# Tracing Guardrails with Jaeger

NeMo Guardrails supports the Open Telemetry ([OTEL](https://opentelemetry.io/)) standard, providing granular visibility into server-side latency. It automatically captures the latency of each LLM and API call, then exports this telemetry using OTEL. You can visualize this latency with any OTEL-compatible backend, including Grafana, Jaeger, Prometheus, SigNoz, New Relic, Datadog, and Honeycomb.

In this notebook, you will learn how to use [Jaeger](https://www.jaegertracing.io/) to visualize NeMo Guardrails latency. Jaeger is a popular, open-source distributed tracing platform used to monitor production services. This notebook walks through the process in three stages:

1.  Download and run Jaeger in standalone mode.
2.  Configure NeMo Guardrails to emit metrics to Jaeger.
3.  Run inferences and view the results in Jaeger.

For more information about exporting metrics while using NeMo Guardrails, refer to [Tracing](https://docs.nvidia.com/nemo/guardrails/latest/user-guides/tracing/quick-start.html) in the Guardrails toolkit documentation.

---

## Prerequisites

This notebook requires the following:

- An NVIDIA NGC account and an NGC API key. You need to provide the key to the `NVIDIA_API_KEY` environment variable. To create a new key, go to [NGC API Key](https://org.ngc.nvidia.com/setup/api-key) in the NGC console.
- Python 3.10 or later.
- Running Docker Daemon

-----

## Running Jaeger in Local Mode Using Docker

[Jaeger](https://www.jaegertracing.io/) is a popular tool to visualize Open Telemetry data and operate systems in production. 

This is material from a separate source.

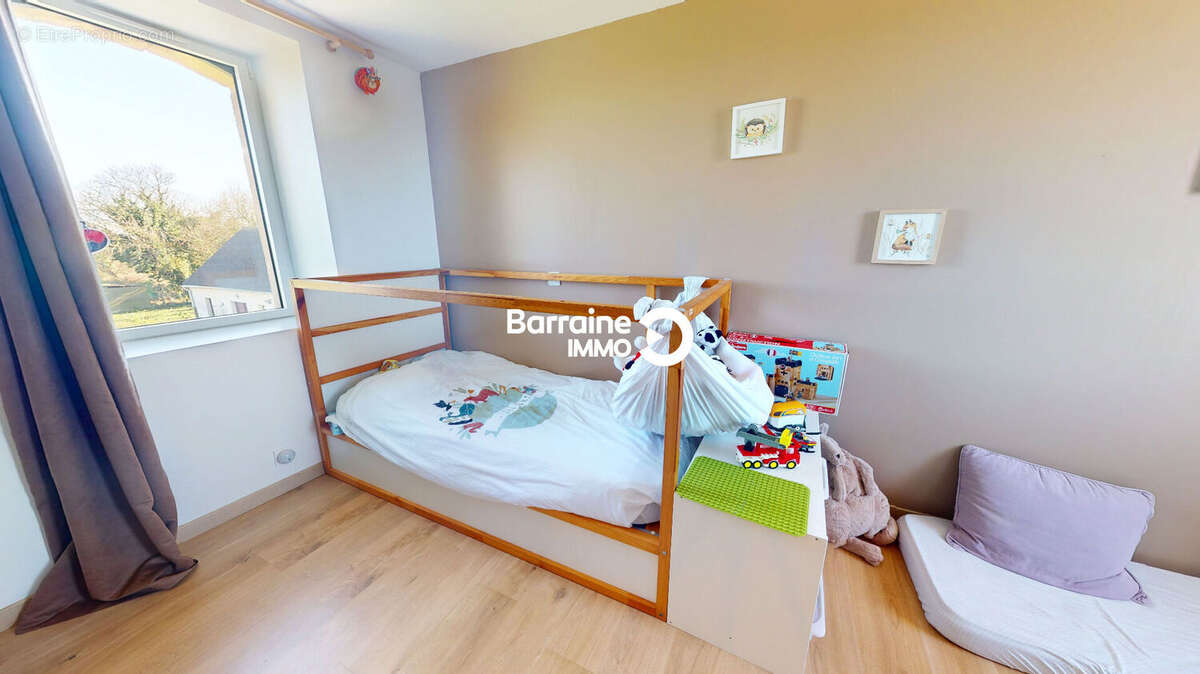 Maison à LE DRENNEC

Run the following command to create a standalone Docker container running Jaeger.

```bash
$ docker run --rm --name jaeger \
  -e COLLECTOR_ZIPKIN_HOST_PORT=:9411 \
  -p 6831:6831/udp \
  -p 6832:6832/udp \
  -p 5778:5778 \
  -p 16686:16686 \
  -p 4317:4317 \
  -p 4318:4318 \
  -p 14250:14250 \
  -p 14268:14268 \
  -p 14269:14269 \
  -p 9411:9411 \
  jaegertracing/all-in-one:1.62.0
```

You'll see that the container prints debug messages that end with the following lines. This indicates the Jaeger server is up and ready to accept requests.

```bash
{"level":"info","ts":1756236324.295533,"caller":"healthcheck/handler.go:118","msg":"Health Check state change","status":"ready"}
{"level":"info","ts":1756236324.2955446,"caller":"app/server.go:309","msg":"Starting GRPC server","port":16685,"addr":":16685"}
{"level":"info","ts":1756236324.2955563,"caller":"grpc@v1.67.1/server.go:880","msg":"[core] [Server #7 ListenSocket #8]ListenSocket created"}
{"level":"info","ts":1756236324.2955787,"caller":"app/server.go:290","msg":"Starting HTTP server","port":16686,"addr":":16686"}
```

Once the docker container is up and running, open a web-browser and navigate to http://localhost:16686/search . You should see the following screen. The Service dropdown will be empty as we haven't connected any traces to the Jaeger server yet, and no data is loaded to visualize. We'll work on this in the next section.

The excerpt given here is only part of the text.